What unlocks the optimal approach

  • The heights of the rectangles and the y-coordinates of the points are only at most 100, so for each point, we can iterate over the possible heights of the rectangles that contain a given point.
  • For a given point and height, can we efficiently count how many rectangles with that height contain our point?
  • Sort the rectangles at each height and use binary search.
Interview move: turn each hint into an invariant you can check after every iteration/recursion step.
Step 03

Algorithm Walkthrough

Iteration Checklist

  1. Define state (indices, window, stack, map, DP cell, or recursion frame).
  2. Apply one transition step and update the invariant.
  3. Record answer candidate when condition is met.
  4. Continue until all input is consumed.
Use the first example testcase as your mental trace to verify each transition.
Step 04

Edge Cases

Minimum Input
Single element / shortest valid input
Validate boundary behavior before entering the main loop or recursion.
Duplicates & Repeats
Repeated values / repeated states
Decide whether duplicates should be merged, skipped, or counted explicitly.
Extreme Constraints
Upper-end input sizes
Re-check complexity target against constraints to avoid time-limit issues.
Invalid / Corner Shape
Empty collections, zeros, or disconnected structures
Handle special-case structure before the core algorithm path.
Step 05

Full Annotated Code

Source-backed implementations are provided below for direct study and interview prep.

// Accepted solution for LeetCode #2250: Count Number of Rectangles Containing Each Point
class Solution {
    public int[] countRectangles(int[][] rectangles, int[][] points) {
        int n = 101;
        List<Integer>[] d = new List[n];
        Arrays.setAll(d, k -> new ArrayList<>());
        for (int[] r : rectangles) {
            d[r[1]].add(r[0]);
        }
        for (List<Integer> v : d) {
            Collections.sort(v);
        }
        int m = points.length;
        int[] ans = new int[m];
        for (int i = 0; i < m; ++i) {
            int x = points[i][0], y = points[i][1];
            int cnt = 0;
            for (int h = y; h < n; ++h) {
                List<Integer> xs = d[h];
                int left = 0, right = xs.size();
                while (left < right) {
                    int mid = (left + right) >> 1;
                    if (xs.get(mid) >= x) {
                        right = mid;
                    } else {
                        left = mid + 1;
                    }
                }
                cnt += xs.size() - left;
            }
            ans[i] = cnt;
        }
        return ans;
    }
}
Step 06

Interactive Study Demo

Use this to step through a reusable interview workflow for this problem.

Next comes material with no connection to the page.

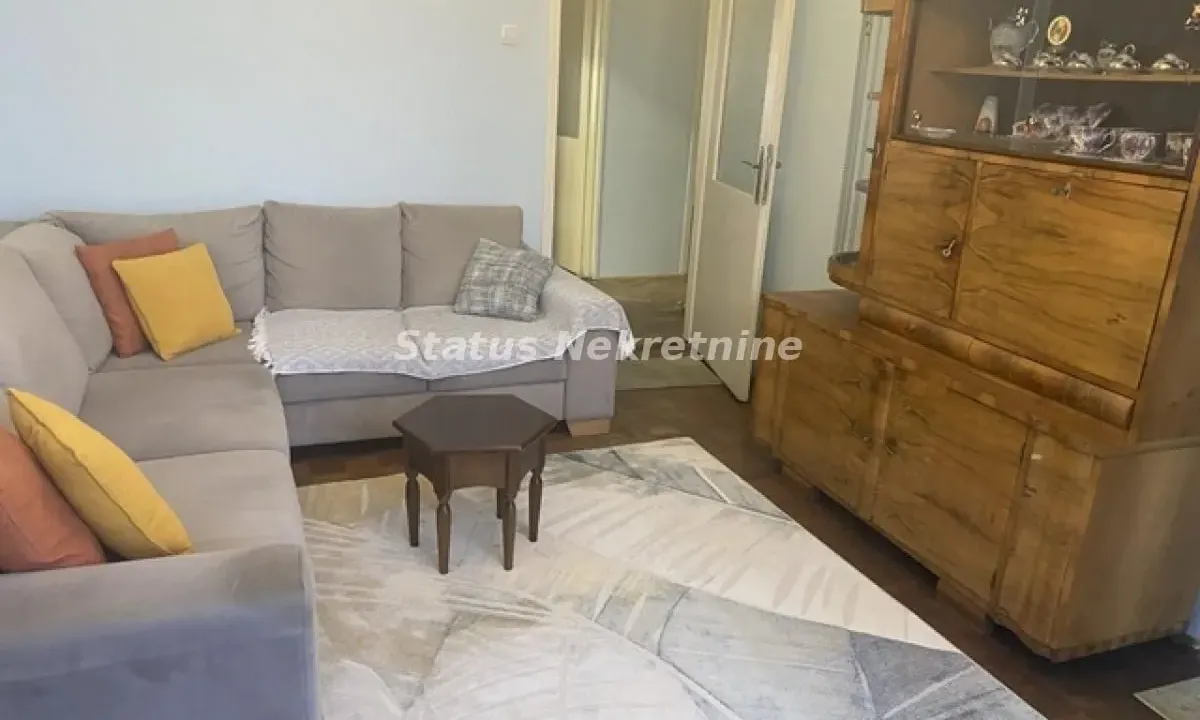 Izdavanje, trosoban stan, 62m², Detelinara, Novi Sad Sve Podlokacije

Press Step or Run All to begin.
Step 07

Complexity Analysis

Time
O(log n)
Space
O(1)

Approach Breakdown

LINEAR SCAN
O(n) time
O(1) space

Check every element from left to right until we find the target or exhaust the array. Each comparison is O(1), and we may visit all n elements, giving O(n). No extra space needed.

BINARY SEARCH
O(log n) time
O(1) space

Each comparison eliminates half the remaining search space. After k comparisons, the space is n/2ᵏ. We stop when the space is 1, so k = log₂ n. No extra memory needed — just two pointers (lo, hi).

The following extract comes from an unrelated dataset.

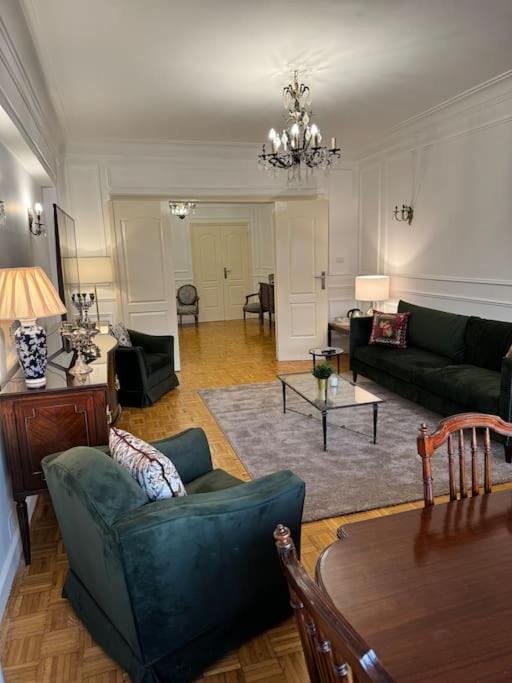 Nile Emerald - Central 1 BDR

Shortcut: Halving the input each step → O(log n). Works on any monotonic condition, not just sorted arrays.
Coach Notes

Common Mistakes

Review these before coding to avoid predictable interview regressions.

Off-by-one on range boundaries

Wrong move: Loop endpoints miss first/last candidate.

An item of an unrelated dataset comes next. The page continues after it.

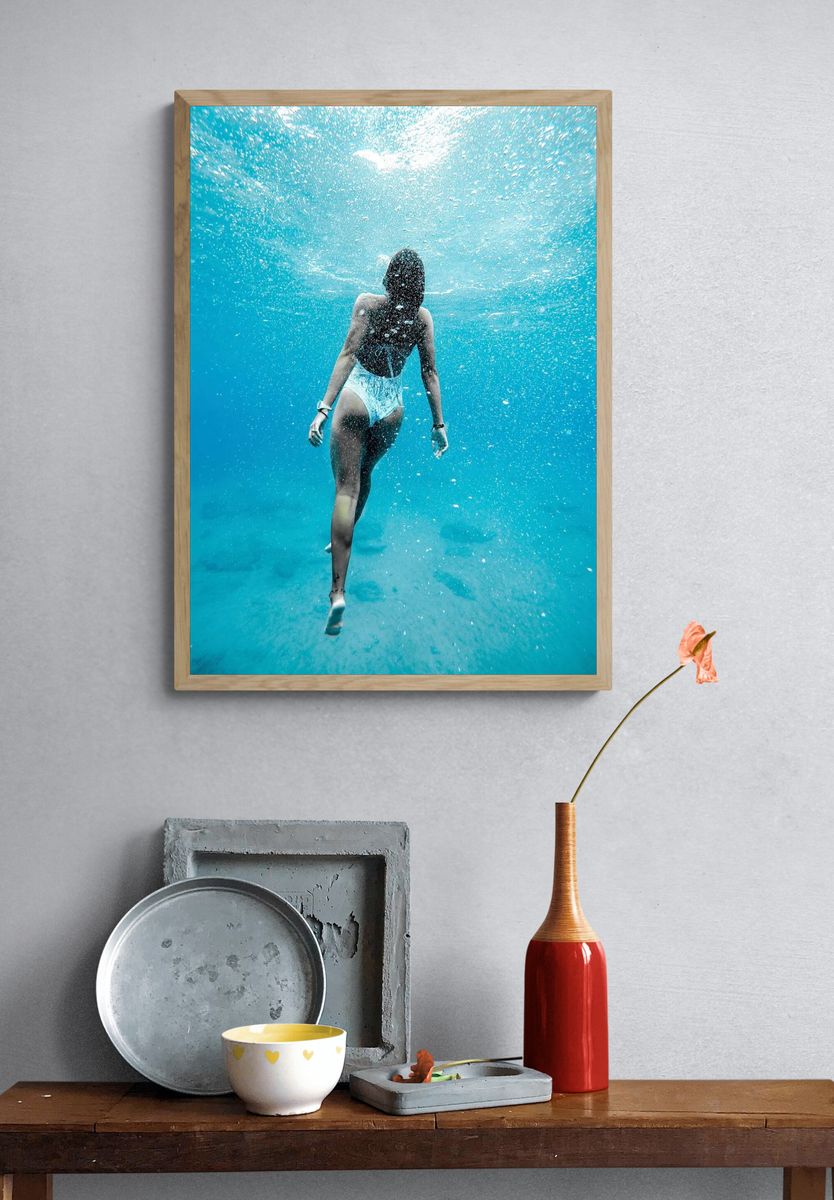 Woman swimming water. — room view 3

Usually fails on: Fails on minimal arrays and exact-boundary answers.

Fix: Re-derive loops from inclusive/exclusive ranges before coding.

Mutating counts without cleanup

Wrong move: Zero-count keys stay in map and break distinct/count constraints.

Usually fails on: Window/map size checks are consistently off by one.

Fix: Delete keys when count reaches zero.

Boundary update without `+1` / `-1`

Wrong move: Setting `lo = mid` or `hi = mid` can stall and create an infinite loop.

Usually fails on: Two-element ranges never converge.

Fix: Use `lo = mid + 1` or `hi = mid - 1` where appropriate.